Kuriozalne słowa szefa KRS. Uważa, że standard całkowitej niezależności sądów jest "zbyt radykalny"
Sędzia Leszek Mazur, przewodniczący nowej Krajowej Rady Sądownictwa, wyznał, że decyzja Europejskiej Sieci Rad Sądownictwa o zawieszeniu polskiej KRS nie stanowi dla niego wielkiego zaskoczenia. Według niego konflikt wynika z innego pojmowania zasady niezawisłości władzy sądowniczej. Zdaniem Mazura pozostali członkowie ENCJ mają na ten temat zbyt radykalne poglądy, które... ograniczają suwerenność.
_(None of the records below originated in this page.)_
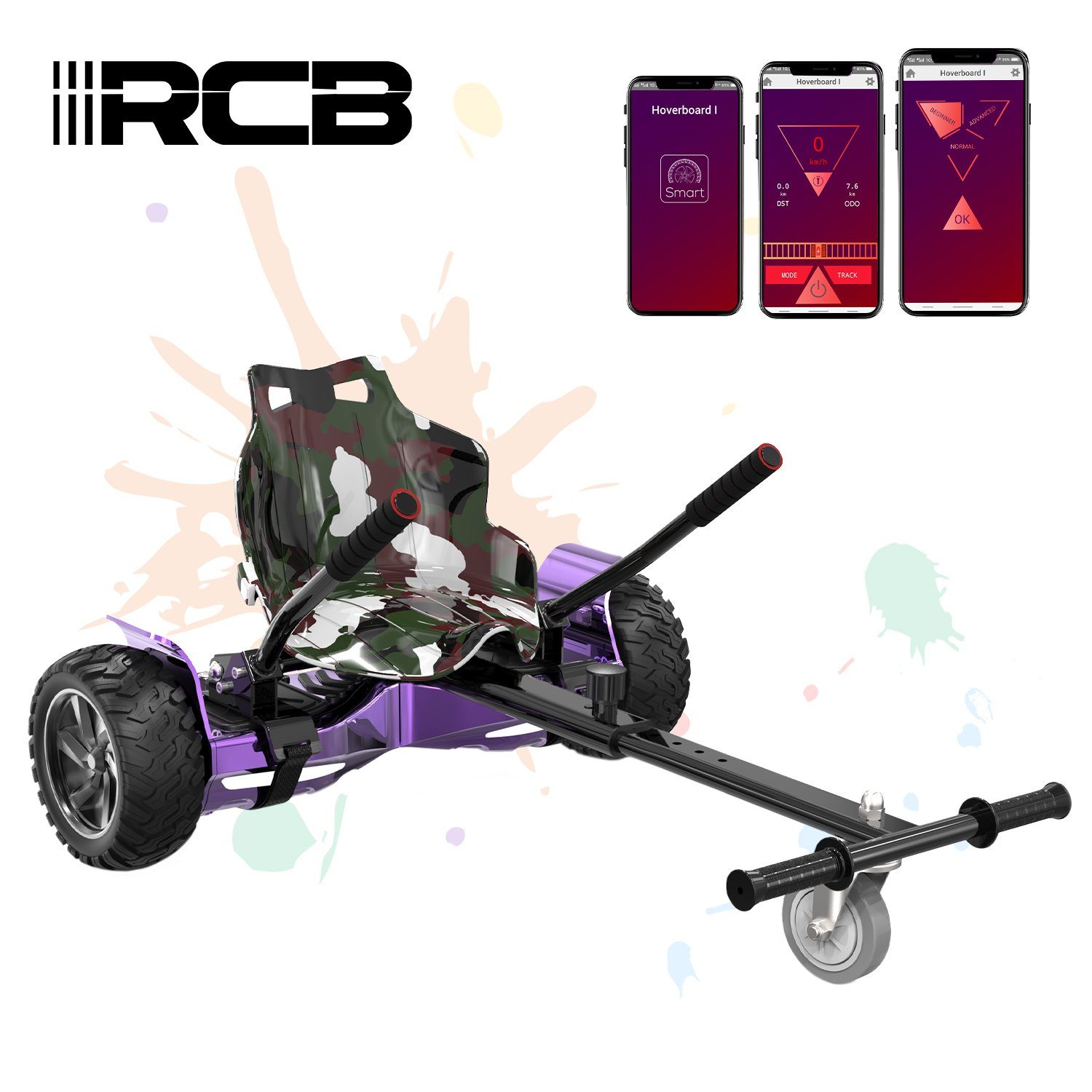 IHoverboard Hoverboard Sitz, Hoverkart Für Alle 6. Produktbild-Vorschau 9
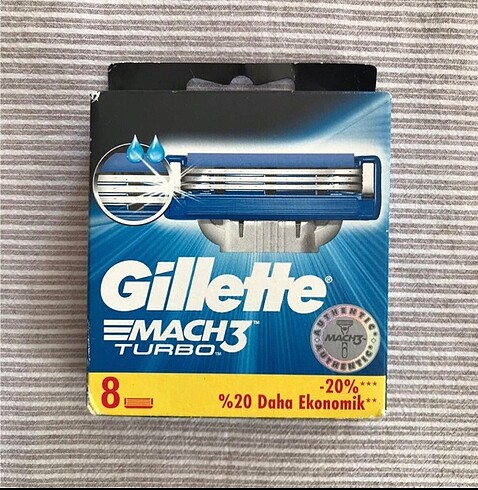 Gillette mach 3 turbo 8 li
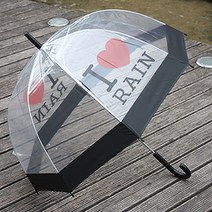 투명우산 돔 블랙보다 60 비닐우산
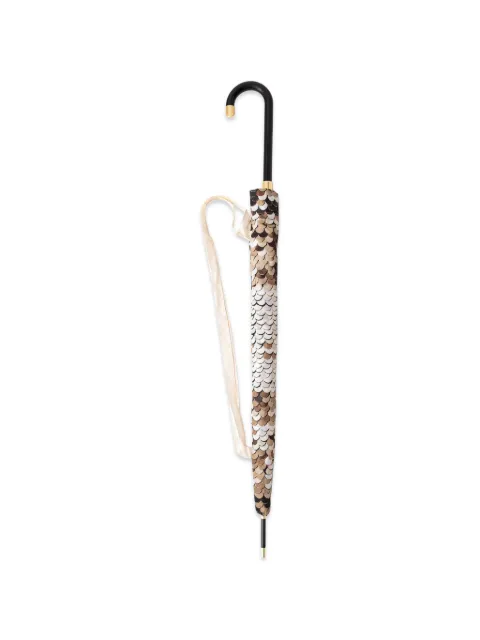 Moschino paraguas con lentejuelas estampadas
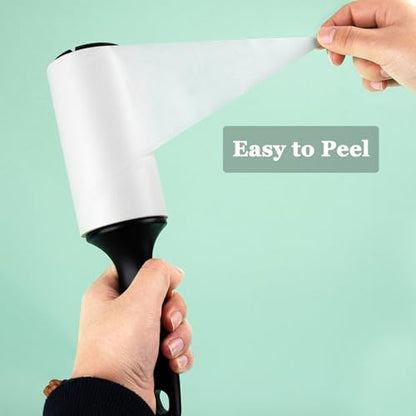 4.6 inch Giant Lint Roller Refills Compatible with Evercare Giant Lint Rollers and T Handle Lint Roller Extreme Stick Pet Hair Remover Adhesive Refills 5 Rolls 60 Sheets per Roll Total 300 Sheets - size: 4.6 inch Giant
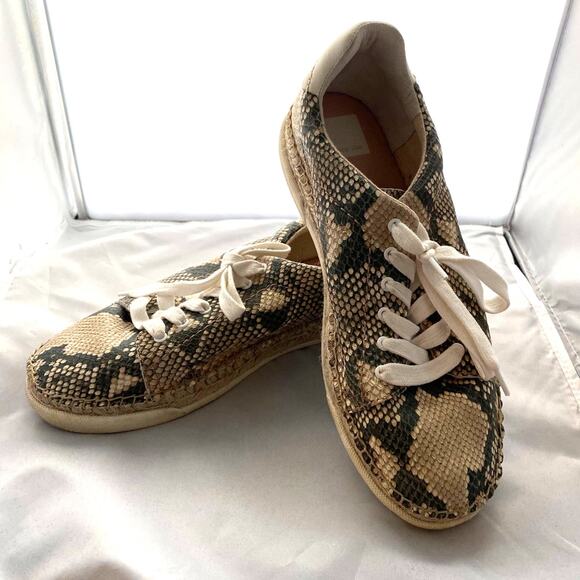 Dolce Vita Madox Snake Print Sneaker 9.5 - Picture 3 of 6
I trzeba przyznać, że tłumaczenia Mazura są dość kuriozalne. – U podstaw decyzji ENCJ leży dość diametralnie inne rozumienie pewnych zasad i kwestii. W szczególności chodzi o przyjęty standard, którego naruszenie było jednym z zasadniczych powodów naszego wykluczenia – wyjaśnił w rozmowie z dziennikarzem Polsat News Mazur.
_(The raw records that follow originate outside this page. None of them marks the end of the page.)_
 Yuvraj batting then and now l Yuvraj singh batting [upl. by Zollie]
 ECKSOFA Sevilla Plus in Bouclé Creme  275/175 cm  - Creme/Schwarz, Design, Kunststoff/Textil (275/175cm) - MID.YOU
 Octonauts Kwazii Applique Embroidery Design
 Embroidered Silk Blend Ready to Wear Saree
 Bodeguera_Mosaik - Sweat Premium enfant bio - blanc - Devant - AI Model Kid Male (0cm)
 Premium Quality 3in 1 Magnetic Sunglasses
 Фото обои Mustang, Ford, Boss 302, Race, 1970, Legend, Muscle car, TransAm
Co to za standard? Mazur wyjaśnił, że dotyczy całkowitej niezależności sądownictwa od władzy wykonawczej i ustawodawczej. – Ten standard wydaje się zbyt radykalny i to jest zasadnicza oś sporu dlatego, że takie rozumienie jak prezentuje ENCJ, prowadzi do ograniczania naszej suwerenności i może stanowić zasadniczą przeszkodę w realizacji tych reform, które zostały podjęte – stwierdził Mazur.